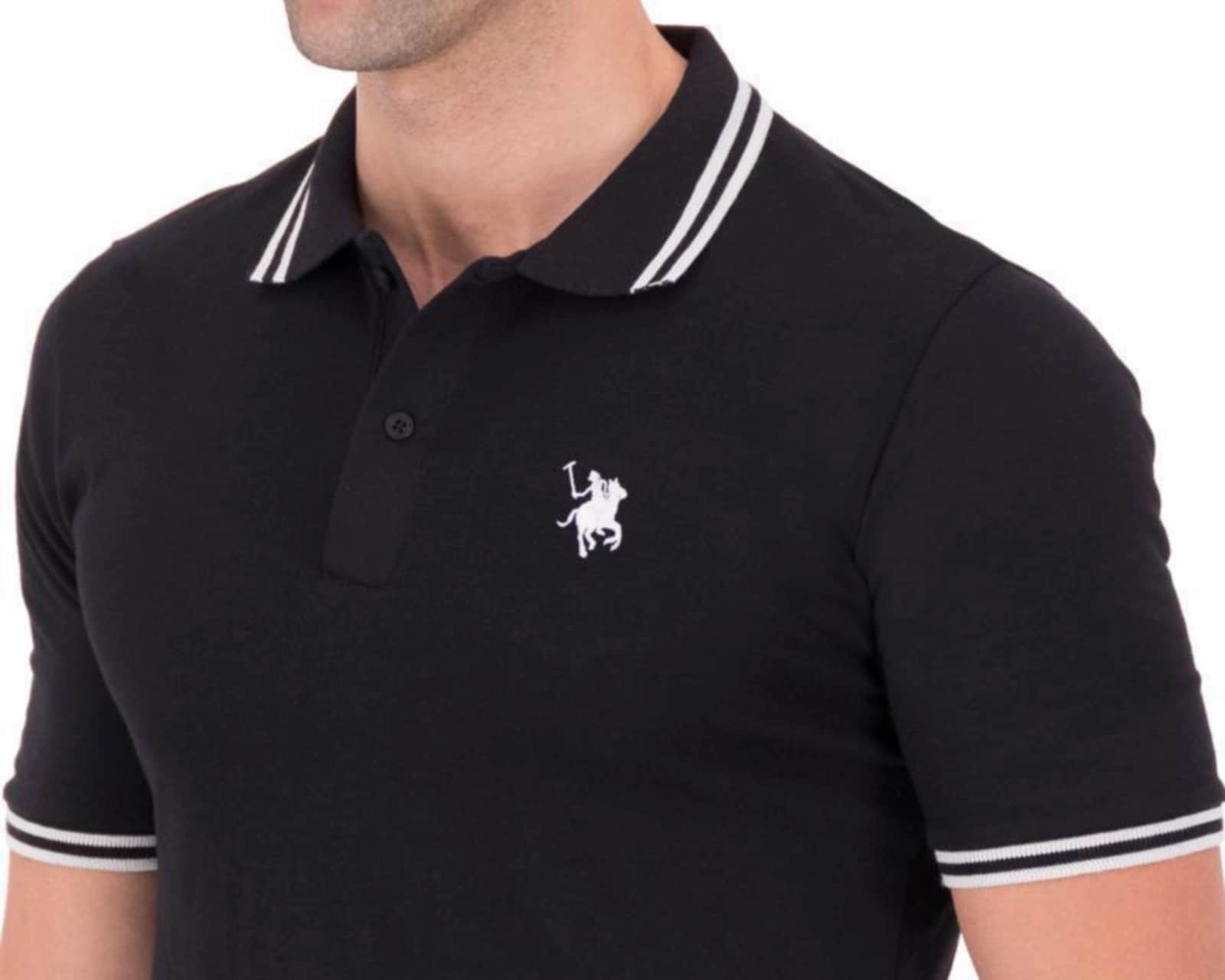 Foto 4 pulgar | Foto 3 | Playera Polo York Team Polo Club Negra con Blanco para Hombre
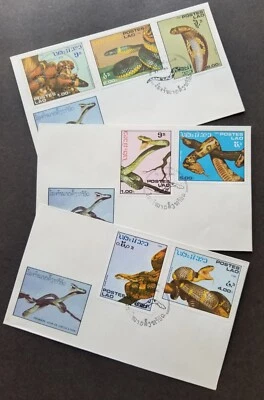 *FREE SHIP Laos Snakes 1986 Reptiles Fauna Cobra Wildlife (FDC set) - Image 1 of 4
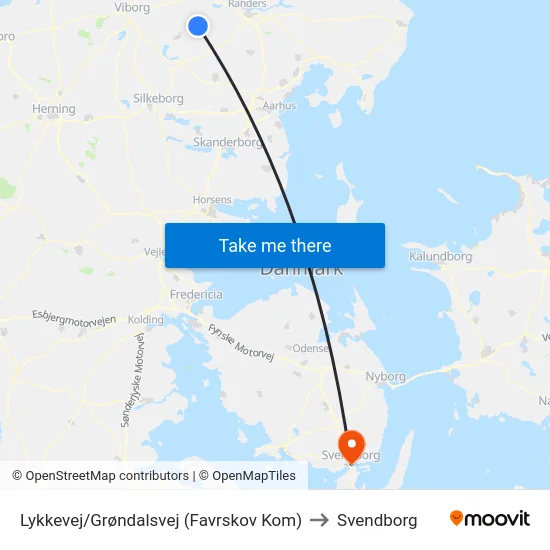 Lykkevej/Grøndalsvej (Favrskov Kom) to Svendborg map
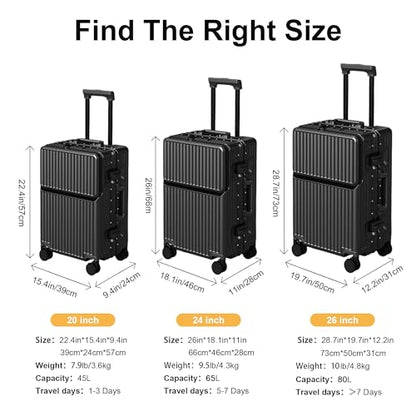 2-Piece Hardshell Zipperless Luggage Set, 20/26" Aluminum Frame Hardshell Spinner Luggage, Airline Approved Carry-On Luggage, TSA Lock, 360° Quiet Wheels With Cup Holder (Black) - color: Black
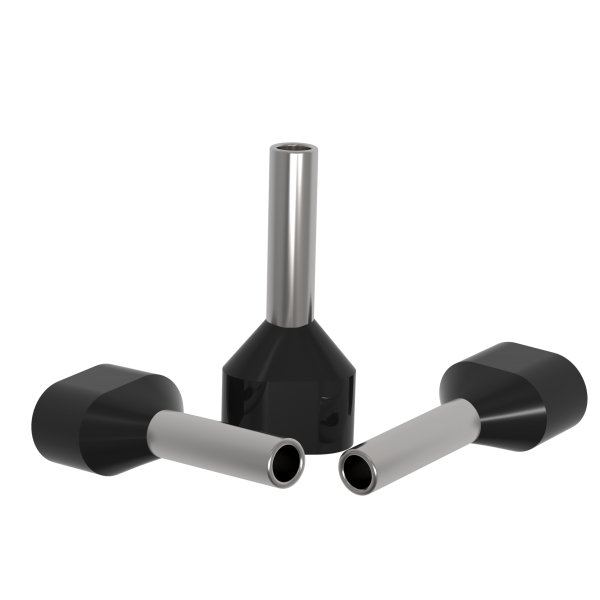 Twin Aderendhülsen 1,5 mm² isoliert schwarz | auprotec.com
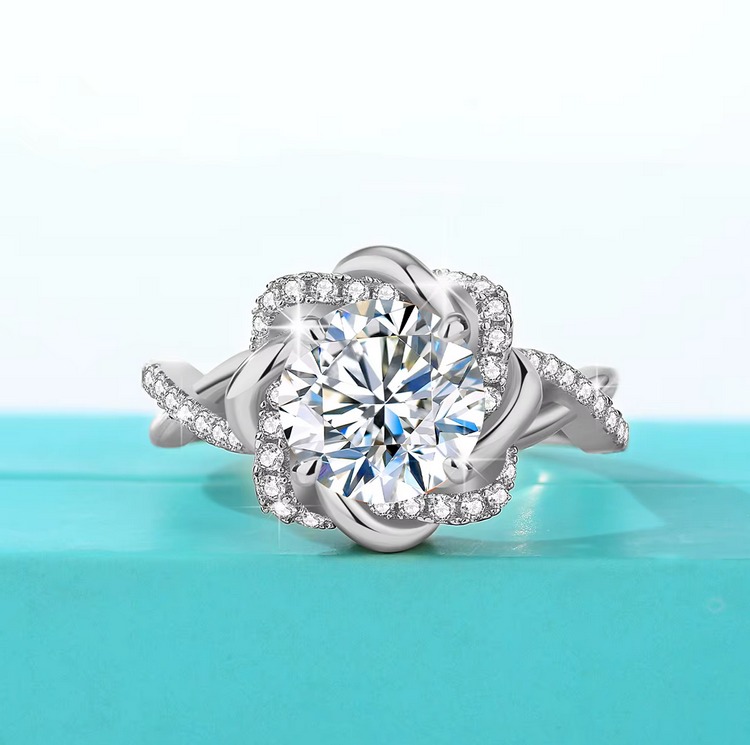 18K 925 Sterling Silver 2CT Round Cut Infinity Star Moissanite Ring (Size 6-10)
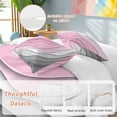 thumbnail image 2 of 3 Piece Pink Grey Ombre Duvet Cover Set Queen Size,Microfiber Comforter/Quilt Cover with Corner Ties and 2 Pillowcases,Modern Geometric Abstract Aesthetics Cream Soft Bedding with Zipper Closure, 2 of 8
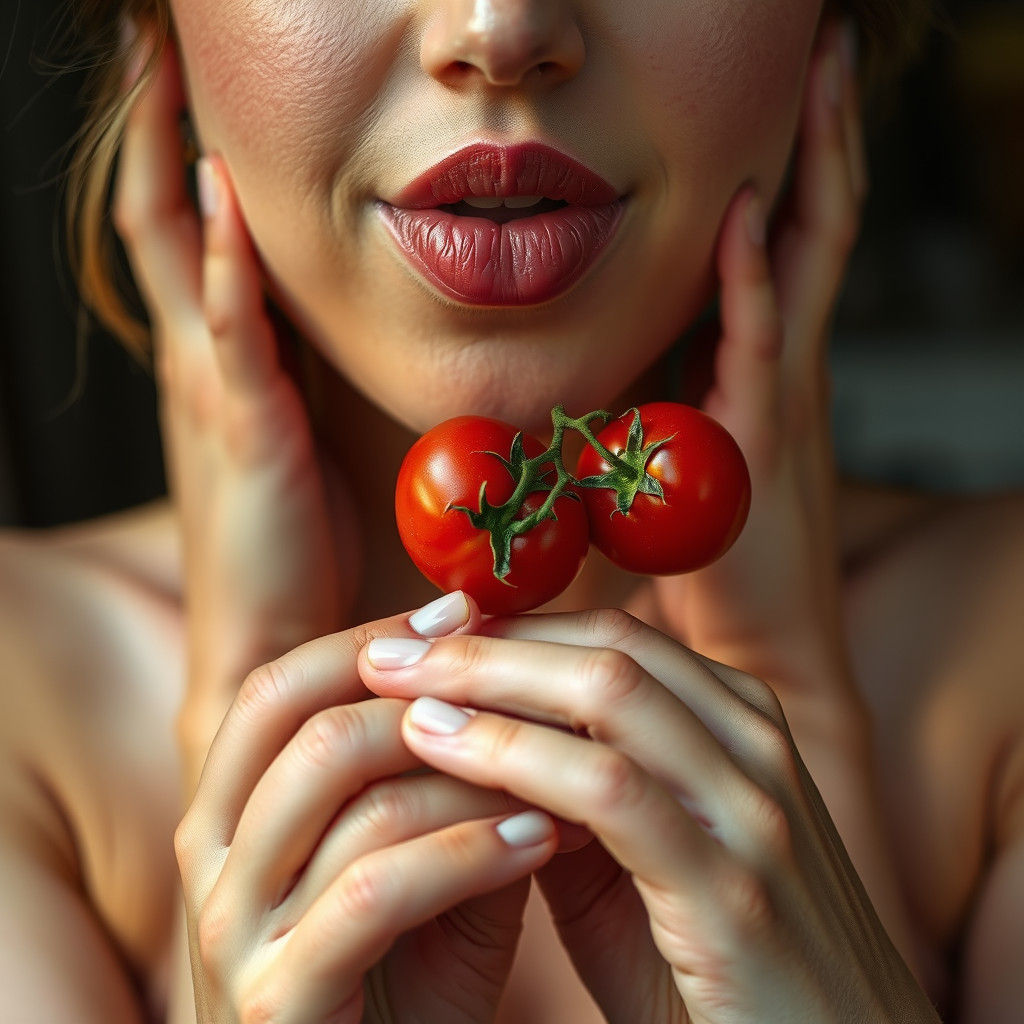 Hyperrealistic Portrait of Woman with Tomatoes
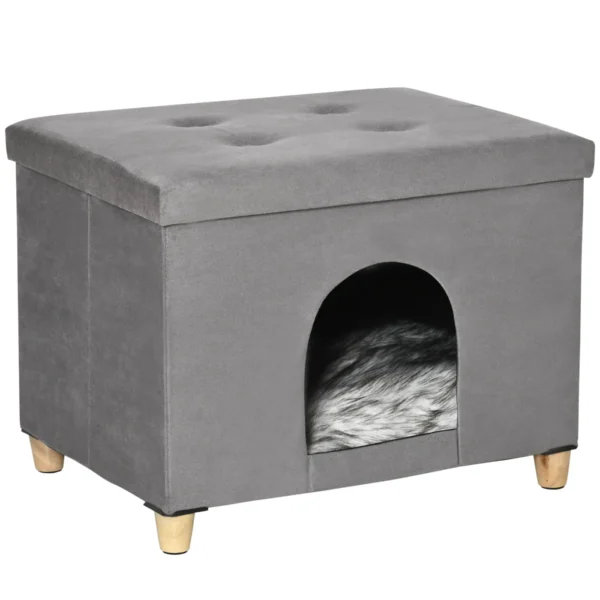 Cat House Footstool with Removable and Washable Cushion, Grey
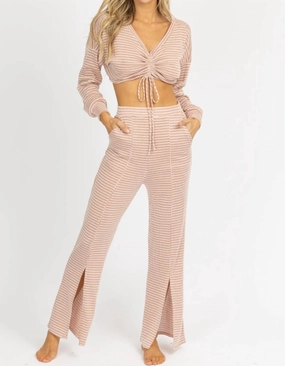 stain resistant coating Tie Crop   Front Slit Pant Set In Terracotta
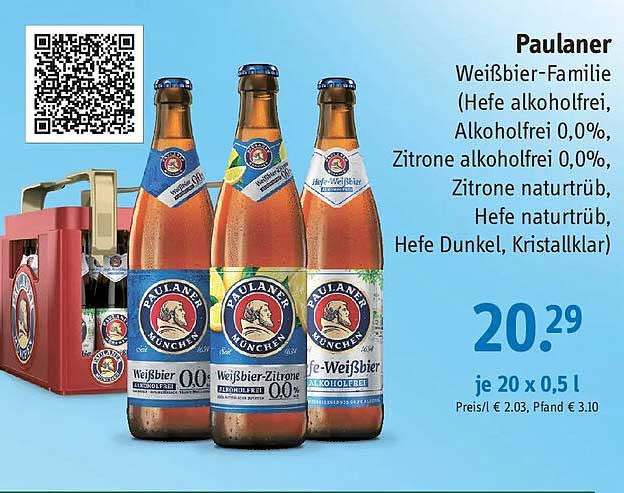 Paulaner Weißbier-Familie (Hefe alkoholfrei, Alkoholfrei 0,0%, Zitrone alkoholfrei 0,0%, Zitrone naturtrüb, Hefe naturtrüb, Hefe Dunkel, Kristallklar)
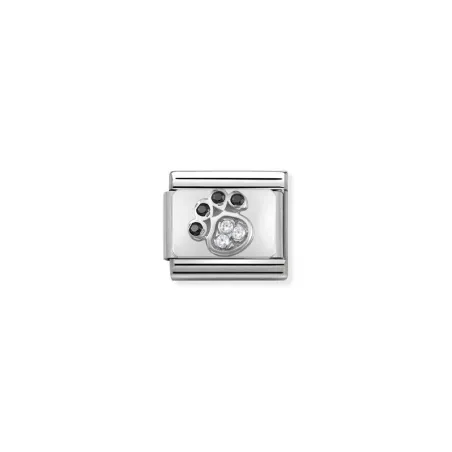 Composable CL SIMBOLOS acero, Cubic Zirc, y plata 925 (14_Huella perro)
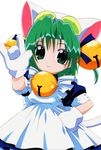  \m/ animal_ears animal_hat artist_request bell cat_ears cat_hat dejiko di_gi_charat gloves green_eyes green_hair hair_bell hair_ornament hand_on_hip hat jingle_bell looking_at_viewer maid short_hair simple_background smile solo tail white_background white_gloves 
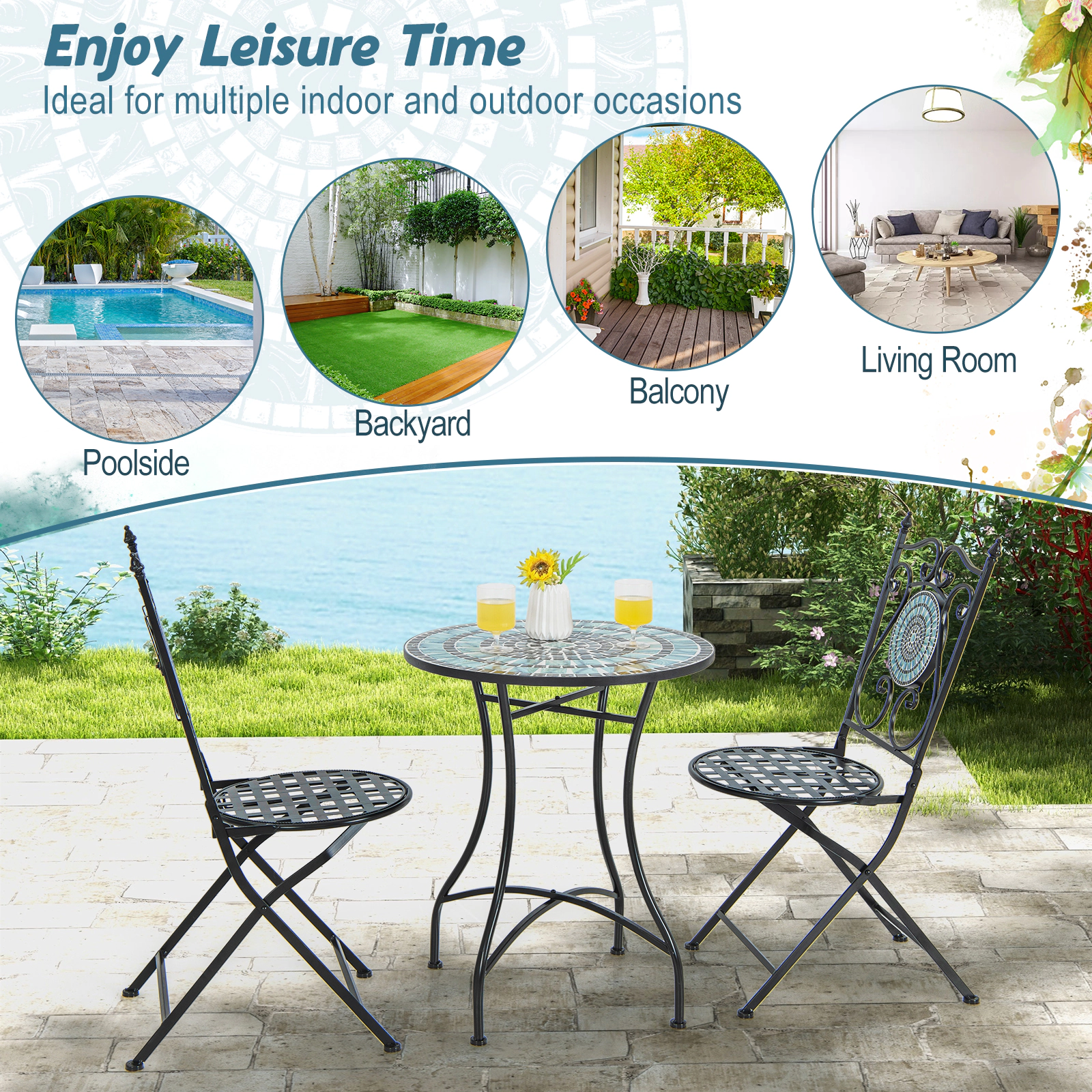 SUGIFT 24-In Round Patio Bistro Table with Ceramic Tile and Concrete Tabletop 110-Lb Capacity Blue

★ ★ ★

## TASK OBJECTIVE:
Beginning with the line where "18K 925 Sterling" appears, restate word for word every line down to the last one in the data, but keep the pictures out.

## ANSWER FOR THIS EXERCISE:
 18K 925 Sterling Silver 2CT Round Cut Infinity Star Moissanite Ring (Size 6-10)
 thumbnail image 2 of 3 Piece Pink Grey Ombre Duvet Cover Set Queen Size,Microfiber Comforter/Quilt Cover with Corner Ties and 2 Pillowcases,Modern Geometric Abstract Aesthetics Cream Soft Bedding with Zipper Closure, 2 of 8
 Hyperrealistic Portrait of Woman with Tomatoes
 Cat House Footstool with Removable and Washable Cushion, Grey
 stain resistant coating Tie Crop   Front Slit Pant Set In Terracotta
 Paulaner Weißbier-Familie (Hefe alkoholfrei, Alkoholfrei 0,0%, Zitrone alkoholfrei 0,0%, Zitrone naturtrüb, Hefe naturtrüb, Hefe Dunkel, Kristallklar)
 Composable CL SIMBOLOS acero, Cubic Zirc, y plata 925 (14_Huella perro)
  \m/ animal_ears animal_hat artist_request bell cat_ears cat_hat dejiko di_gi_charat gloves green_eyes green_hair hair_bell hair_ornament hand_on_hip hat jingle_bell looking_at_viewer maid short_hair simple_background smile solo tail white_background white_gloves 
 SUGIFT 24-In Round Patio Bistro Table with Ceramic Tile and Concrete Tabletop 110-Lb Capacity Blue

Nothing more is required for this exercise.